Why Korean Restaurants Use Scissors to Cut Your Food
Published on June 26, 2026
For many first-time visitors to South Korea, dining out offers a series of small, delightful surprises. The metal cups for cold water, the hidden drawer under the table containing spoons and chopsticks, and the call button that summons a server in seconds.
But there is one dining tool that often causes a double-take: a pair of heavy-duty metal kitchen shears resting alongside the cutlery.
In Western dining, scissors belong in the kitchen drawer or the craft room, never at the dinner table. Yet in South Korea, scissors are an essential, active part of the meal, used to cut everything from sizzling strips of pork belly to long, springy noodles directly in the bowl.
This practice is not a lack of dining etiquette. Instead, it is a masterclass in efficiency, safety, and culinary science.

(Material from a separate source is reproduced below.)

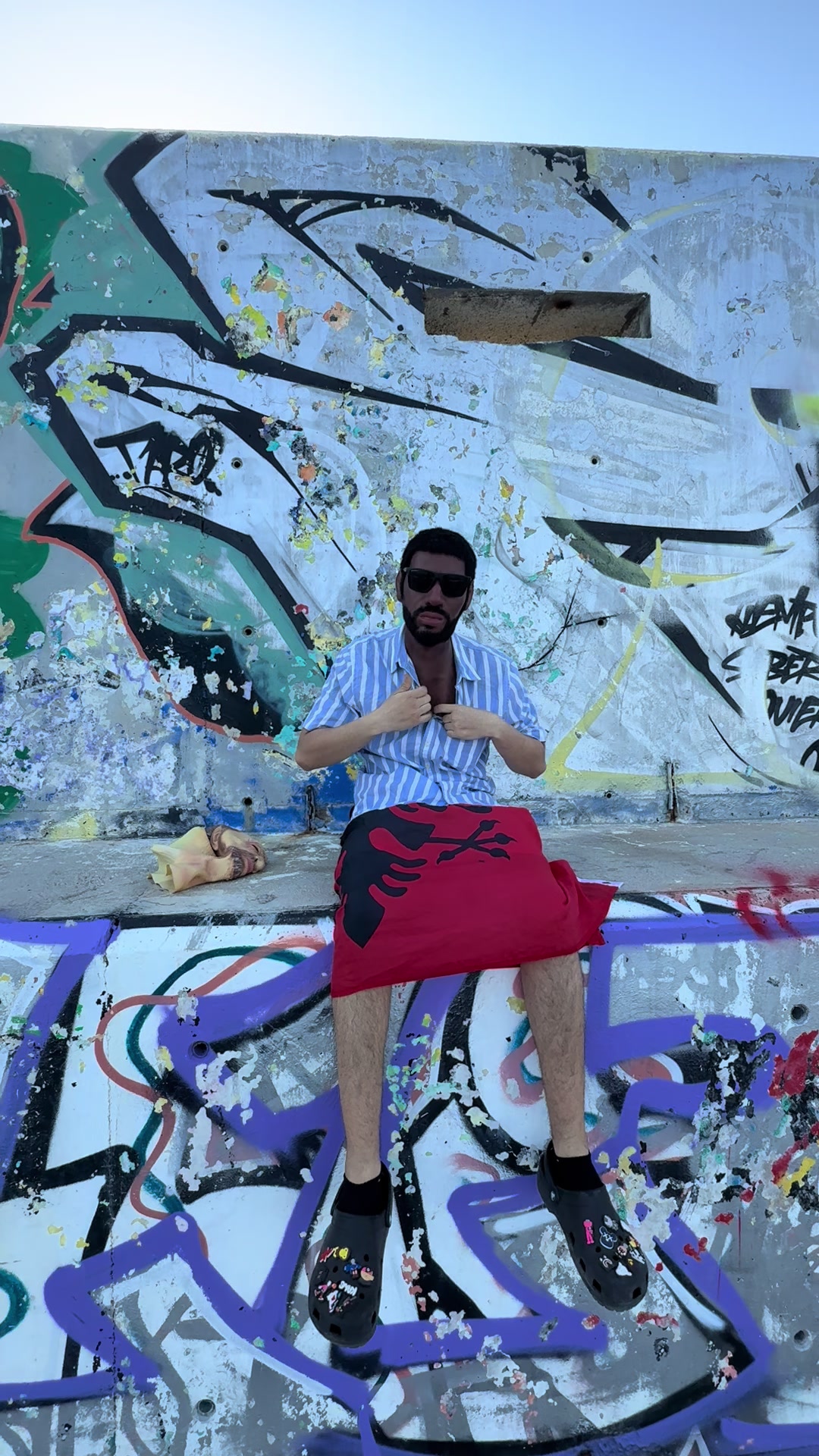 @MASKONMONEY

The Grill is the Plate: Protecting the Cookware
To understand why scissors are used, one must look at how Korean food is served. In Korean barbecue (K-BBQ), the cooking happens right in front of the diners on a hot metal grill built into the table. The "grill is the plate."
If you were to use a standard carving knife to slice meat as it cooks, you would face several immediate problems:
* Damaging the Grill: Pressing a sharp knife against a hot metal grill or stone plate would scratch the non-stick coating or dull the blade instantly.
* Safety Hazards: Attempting to press down and cut thick pork belly on a hot, unstable surface is a recipe for burns and slips.
* Awkward Angles: Cutting flat on a hot grill while sitting down is ergonomically difficult.
Scissors solve all these issues. By lifting the meat with a pair of tongs, the server or diner can cut the meat suspended in mid-air. The blades never touch the grill, preserving both the cookware and the table's safety.
Shearing Force vs. Sawing Motion
Beyond safety, there is a physical reason why kitchen shears are superior for table-side preparation. A knife cuts by applying downward pressure combined with a friction-based "sawing" motion. When meat is only partially cooked, it is elastic and soft. Trying to slice it with a knife on a grill often results in tearing, crushing, and squeezing out the precious juices.
Scissors, on the other hand, utilize shearing force. Two sharp blades slide past each other, clamping the food from both sides and slicing it instantly. This mechanism cuts cleanly through tough fibers, fat layers, and even bone cartilage without crushing the structure of the meat. The result is clean, bite-sized pieces that retain their moisture and cook evenly.

The Naengmyeon Challenge: Taming the Noodles
Meat isn’t the only thing that gets the scissor treatment. If you order Naengmyeon (Korean cold buckwheat noodles), the server will often ask, "Should I cut the noodles for you?" before snipping them in a cross pattern (+) directly in your bowl.
Traditional Korean noodles, especially buckwheat or sweet potato starch varieties, are incredibly long and chewy. Unlike Italian pasta, which is designed to be twirled around a fork, Korean noodles are eaten with chopsticks and are highly elastic.
Leaving them uncut presents a genuine eating challenge and a minor choking hazard, particularly because the dish is served ice-cold, which makes the starches firmer. A quick double-snip with table shears breaks the long strands into manageable lengths, making it easy to scoop up a perfect bite with chopsticks.
The Roots of Table Shears and "Palli-Palli" Culture
The ubiquity of scissors is closely tied to Korea's post-war industrialization and its famous palli-palli (hurry-hurry) culture. In the 1970s, as eating-out culture began to settle in South Korea, shears were introduced to the dining table. Initially, this practice started with cutting long, chewy noodles like naengmyeon to make them easier to eat. Over time, as table-grill BBQ dining grew popular, this convenient tool naturally transitioned to cutting meats directly at the grill, turning dining into an interactive, fast-paced group activity.
Furthermore, South Korea has a highly developed manufacturing sector for kitchenware. Companies like Obok Scissors designed heavy-duty, rust-resistant, stainless steel shears specifically for food service. These shears are balanced to cut through raw meat easily and withstand hundreds of dishwasher cycles daily, becoming an iconic export found in K-BBQ spots worldwide.

Frequently Asked Questions
Q: Is it sanitary to use scissors on food at the table?
Answer: Yes, absolutely. The scissors used at Korean tables are dedicated, high-grade stainless steel kitchen shears. They are treated exactly like spoons, chopsticks, and plates—washed, sanitized, and sterilized at high temperatures between uses. They are never used for opening packages or cutting non-food items.
Q: Why doesn't the chef just cut the meat in the kitchen first?
Answer: Slicing meat before cooking exposes more surface area to air, causing it to dry out and lose flavor. Grilling large pieces whole locks in the juices. Once the outer layer is seared, cutting it table-side ensures that the inside cooks rapidly and stays tender.
Q: Can I decline having my noodles cut?
Answer: Yes. If you prefer long noodles—which traditionally symbolize longevity in East Asian culture—you can simply say, "Gawi an jusyeodo dwaeyo" (You don’t need to give me scissors) or gently wave them off when the server offers to cut the noodles.